> _GIVEN ENTRIES_
- - - - -

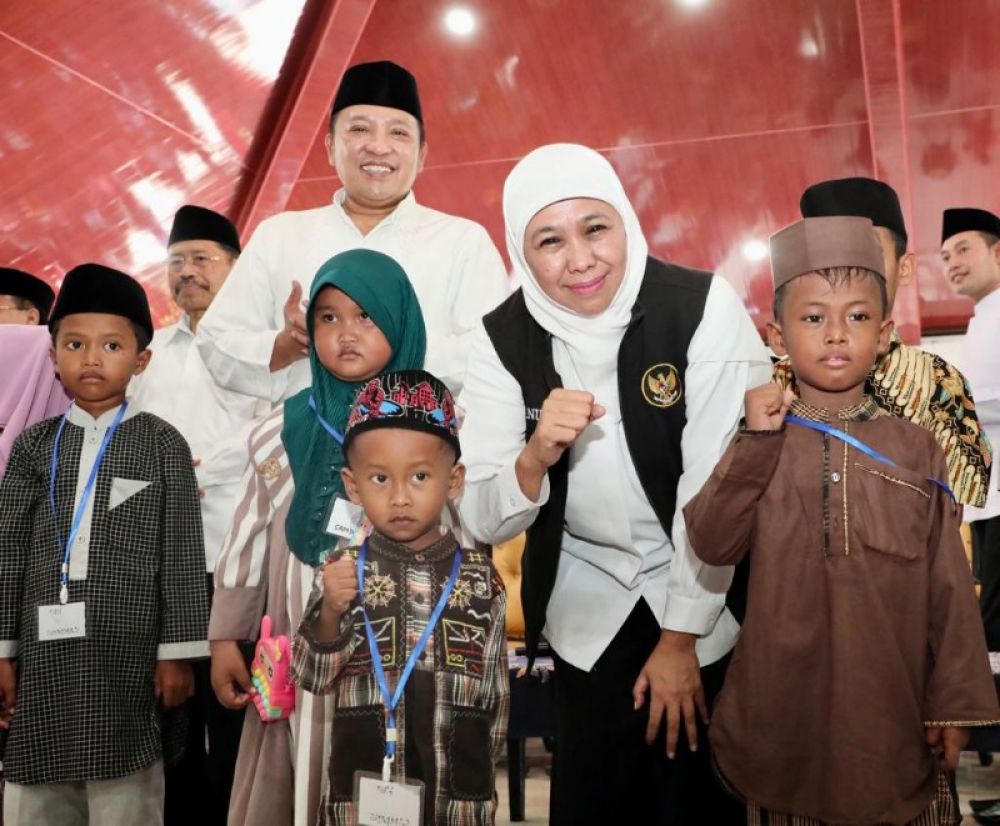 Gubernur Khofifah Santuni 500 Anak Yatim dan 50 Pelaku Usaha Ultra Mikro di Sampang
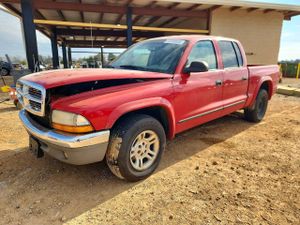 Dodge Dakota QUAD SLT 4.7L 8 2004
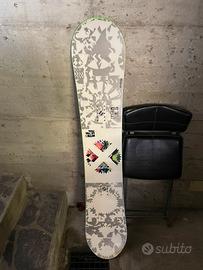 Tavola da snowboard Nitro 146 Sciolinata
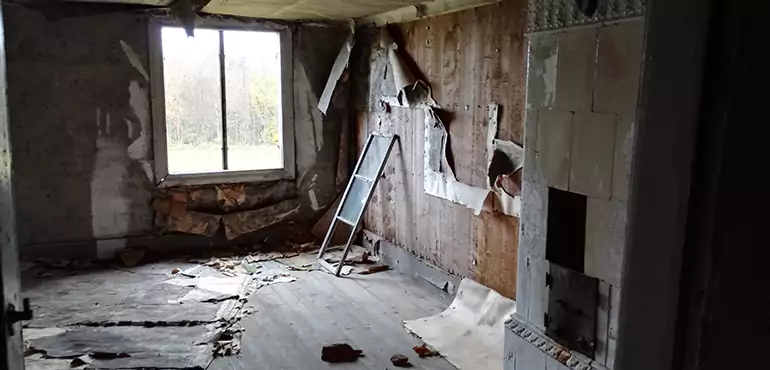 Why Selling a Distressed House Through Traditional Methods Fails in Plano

- - - - -

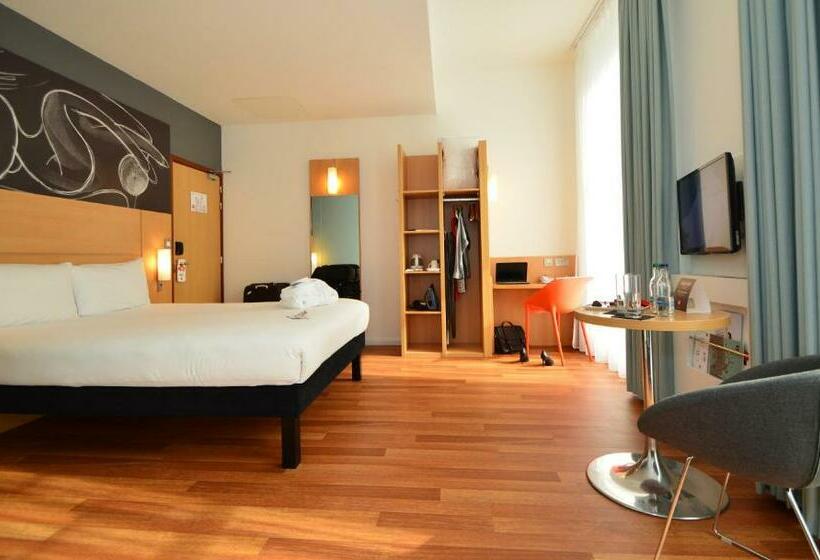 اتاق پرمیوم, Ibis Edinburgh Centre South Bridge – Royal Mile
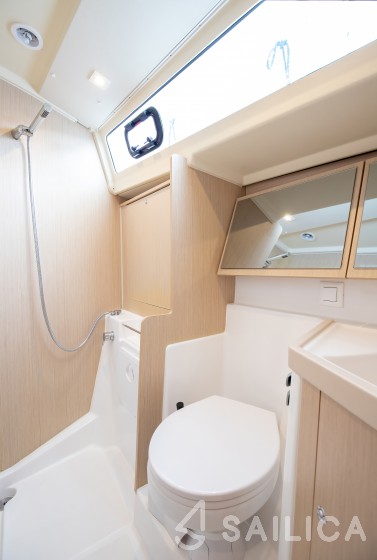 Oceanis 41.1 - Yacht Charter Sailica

- - - - -

Your reply is to be an exact repeat of the listing above from the line holding "Gubernur Khofifah Santuni" down to the line holding "Why Selling a", ends included, pictures excluded.

> _EXERCISE RESULT_
 Gubernur Khofifah Santuni 500 Anak Yatim dan 50 Pelaku Usaha Ultra Mikro di Sampang
 Dodge Dakota QUAD SLT 4.7L 8 2004
 Tavola da snowboard Nitro 146 Sciolinata
 Why Selling a Distressed House Through Traditional Methods Fails in Plano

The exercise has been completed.